From International Socialism (1st series), No.27, Winter 1966/67, p.9.
Transcribed & marked up by Einde O’ Callaghan for the Encyclopaedia of Trotskyism On-Line (ETOL).


It is strange indeed to find Peter Ibbotson (IS 26), who would presumably call himself a Marxist, advocating educational reforms which ‘would not create a classless society, but ... would abolish class consciousness based on criteria other than pure and realised ability,’ a situation in which the office messenger ‘would have only his own shortcomings to blame’ for his place in society. Of course all Marxists must support the demand for comprehensive education – to do otherwise would be, as Comrade Ibbotson points out, lunatic – but we must not suppose that such reforms within a capitalist framework necessarily point in the direction of social revolution.

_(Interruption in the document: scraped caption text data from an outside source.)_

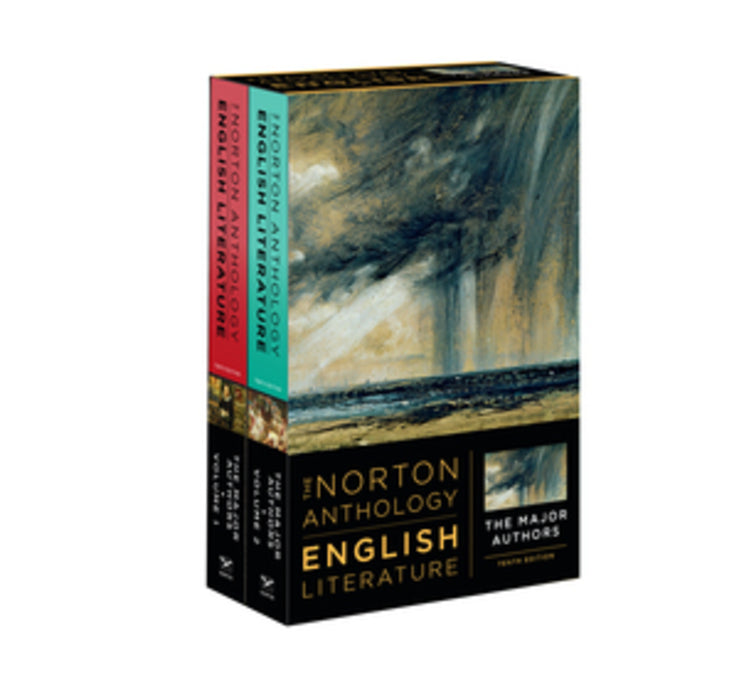 The Norton Anthology of English Literature, Volumes A and B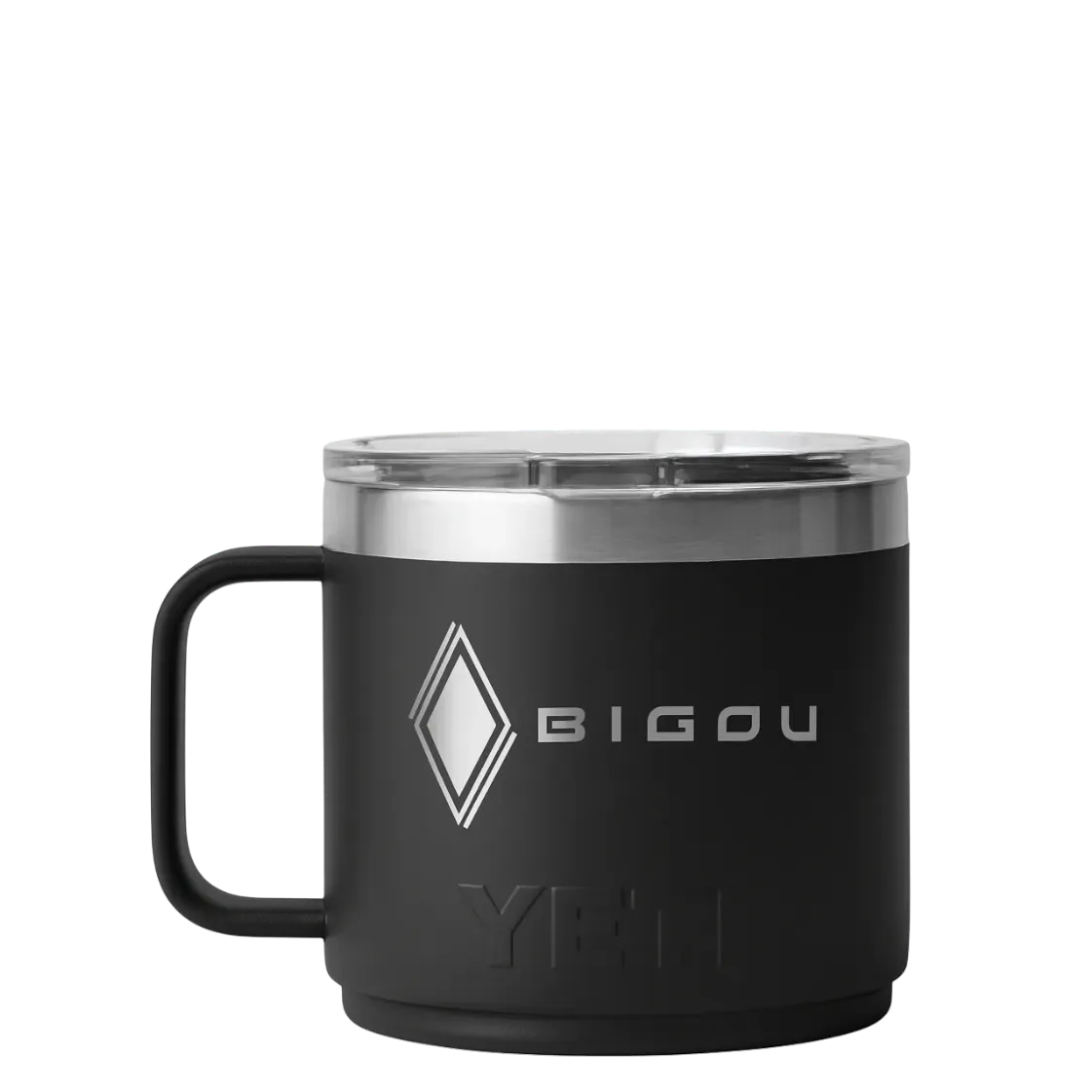 Branded YETI Rambler 14oz Stackable Mug | Total Merchandise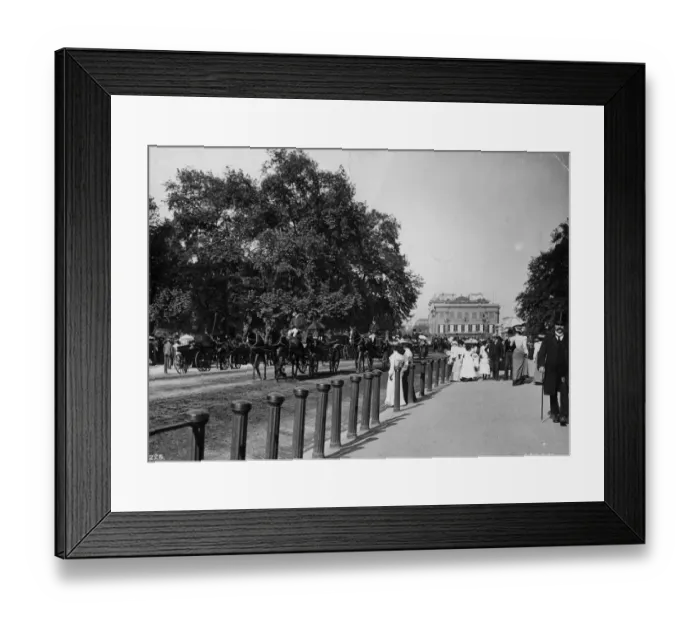 Framed Print : Rotten Row Framed Print : Rotten Row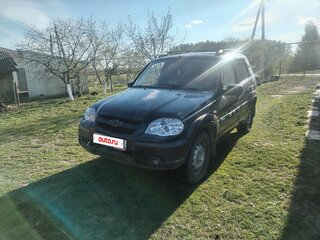 2008 Chevrolet Niva I, чёрный, 270000 рублей, вид 3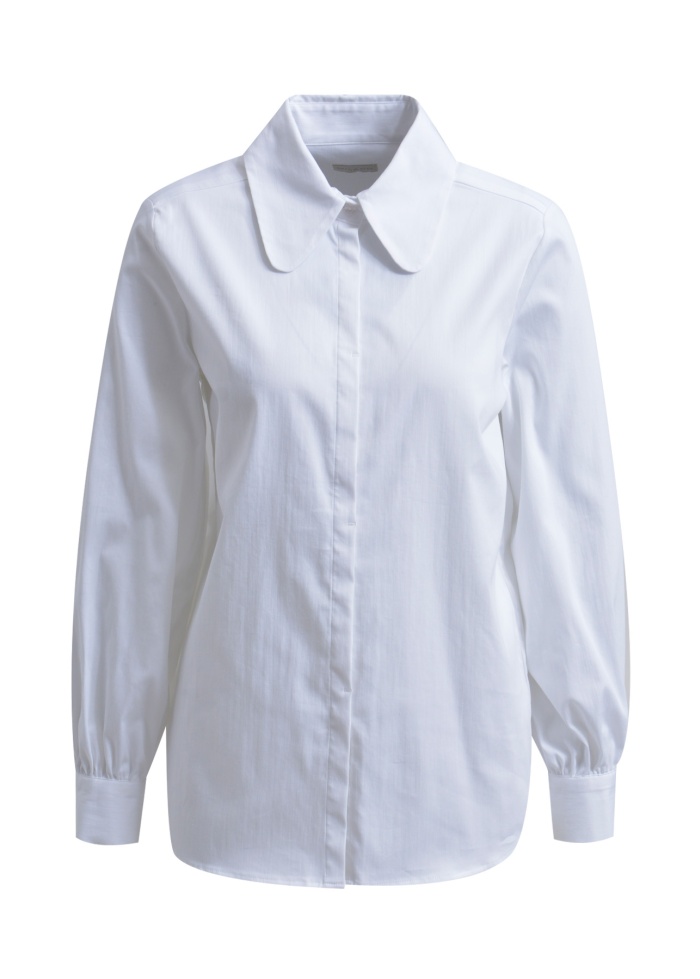 Milano | Collar Detail Shirt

It is now being claimed by some sociologists that the reverse is possible: the elimination of class consciousness and the reconciliation of members of the exploited class to their plight, on the lines described by Comrade Ibbotson. If substantial reforms in housing, slum schools, etc, could also be achieved, so much the better – we could have a happy capitalist meritocracy in which everyone would know his place, and

the company director could feel as confident that he exploits the workers as the natural reward of his own ability, as the workers are convinced that they deserve to be exploited. In a socialist society, education will be ‘comprehensive;’ that is, everyone will have an equal opportunity to develop his own abilities and initiative. But it will not be socialist education until the proletarian revolution has been achieved and the socialist society established. Education has a large part to play in the development of working-class confidence and the training of revolutionaries, but so long as it is education within a capitalist society it will be capitalist education. The greatest educational reforms may be expected to follow the revolution, not precede it: for example, a vast extension and rationalisation of higher education is necessary in this country, but is inconceivable within the present system. (Even in nineteenth-century England, the extension of primary education followed the successive extensions of the franchise.) It is a great temptation for Marxists in the teaching profession to concentrate on educational reform and feel that they are getting somewhere by this activity alone. But without working-class power educational advance will be totally inadequate, perhaps even pernicious, as the above arguments seem to suggest. Marxist teachers must play their direct part in the revolutionary movement in other ways.

Lenin’s father did a great deal to improve education in the province of Simbirsk; but it was his son, developing Marxist theory and fighting alongside the Russian proletariat, who was the revolutionary.